Friction stir processing (FSP) is a promising solid-phase microstructural modification technique that can repair and enhance damaged stainless steel surfaces exposed to harsh environments. The quality of the repaired material is closely correlated to the recrystallized grain size in the stir zone (SZ), which is influenced by the thermomechanical conditions dictated by FSP process parameters. Thus, establishing a reliable relationship between these parameters and recrystallized grain size in the SZ is crucial for optimizing repair quality.

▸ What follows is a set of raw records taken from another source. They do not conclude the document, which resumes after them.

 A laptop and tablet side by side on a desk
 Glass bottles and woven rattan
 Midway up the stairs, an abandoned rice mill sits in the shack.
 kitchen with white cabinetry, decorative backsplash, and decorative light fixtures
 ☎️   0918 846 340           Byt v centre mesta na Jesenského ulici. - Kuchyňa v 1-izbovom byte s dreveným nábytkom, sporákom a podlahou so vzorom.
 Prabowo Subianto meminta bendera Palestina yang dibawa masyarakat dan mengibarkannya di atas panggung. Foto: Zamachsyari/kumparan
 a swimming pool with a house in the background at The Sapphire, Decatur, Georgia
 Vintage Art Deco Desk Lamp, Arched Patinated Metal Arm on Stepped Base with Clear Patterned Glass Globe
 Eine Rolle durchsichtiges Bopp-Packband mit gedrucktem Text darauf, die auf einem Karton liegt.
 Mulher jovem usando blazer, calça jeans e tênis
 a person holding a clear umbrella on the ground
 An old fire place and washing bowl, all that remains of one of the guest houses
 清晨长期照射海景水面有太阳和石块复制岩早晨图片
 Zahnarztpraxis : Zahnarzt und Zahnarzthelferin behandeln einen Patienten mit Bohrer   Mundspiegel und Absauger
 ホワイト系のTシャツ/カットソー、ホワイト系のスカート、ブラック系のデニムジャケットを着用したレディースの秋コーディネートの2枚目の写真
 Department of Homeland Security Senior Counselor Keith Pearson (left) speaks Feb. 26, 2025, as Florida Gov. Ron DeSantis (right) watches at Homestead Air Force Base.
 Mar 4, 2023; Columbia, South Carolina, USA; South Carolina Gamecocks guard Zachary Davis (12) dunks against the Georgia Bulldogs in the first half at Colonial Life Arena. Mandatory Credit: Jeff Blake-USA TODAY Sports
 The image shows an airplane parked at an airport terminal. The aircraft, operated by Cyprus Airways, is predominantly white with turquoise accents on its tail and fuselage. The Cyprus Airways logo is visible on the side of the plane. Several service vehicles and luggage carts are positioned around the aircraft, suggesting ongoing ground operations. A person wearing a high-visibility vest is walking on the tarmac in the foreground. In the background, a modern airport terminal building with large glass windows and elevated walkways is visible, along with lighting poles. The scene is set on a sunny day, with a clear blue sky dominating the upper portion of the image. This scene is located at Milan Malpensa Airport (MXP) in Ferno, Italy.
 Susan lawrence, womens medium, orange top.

However, existing experimental approaches often rely on indirect temperatures measured far from the SZ, along with rough strain rate estimations, which are imprecise and time-consuming. Meanwhile, existing mesh-based modeling methods usually face numerical challenges when dealing with the large material deformations inherent in FSP. To address these issues, this study introduces a meshfree process model for FSP based on the smoothed particle hydrodynamics (SPH) method, aimed at predicting process conditions under different parameters. The model is validated using experimental data from 11 combinations of tool traverse and rotation speeds on 316 L stainless steel. Correlations between process parameters, material flow, temperature, strain, strain rate, and recrystallized grain size are revealed through SPH simulations and electron backscatter diffraction (EBSD) imaging. The results show that in situ SZ temperatures range from 1071 to 1322°C, which exceed the tool temperature by over 300°C. Furthermore, SZ temperature, strain rate, and grain size increase monotonically with higher tool temperature and faster traverse speed. A relationship is then established between the model-predicted Zener-Hollomon parameter and the recrystallized grain size based on EBSD data, expressed as $\ln \left(d\right)=\text{-}0.364\ln \left(Z\right)\text{+}14.673$. This relationship exhibits satisfactory accuracy with errors of less than 26.9% in predicting grain sizes at various SZ locations, which offers valuable insights for optimizing FSP repair processes for 316 L stainless steel.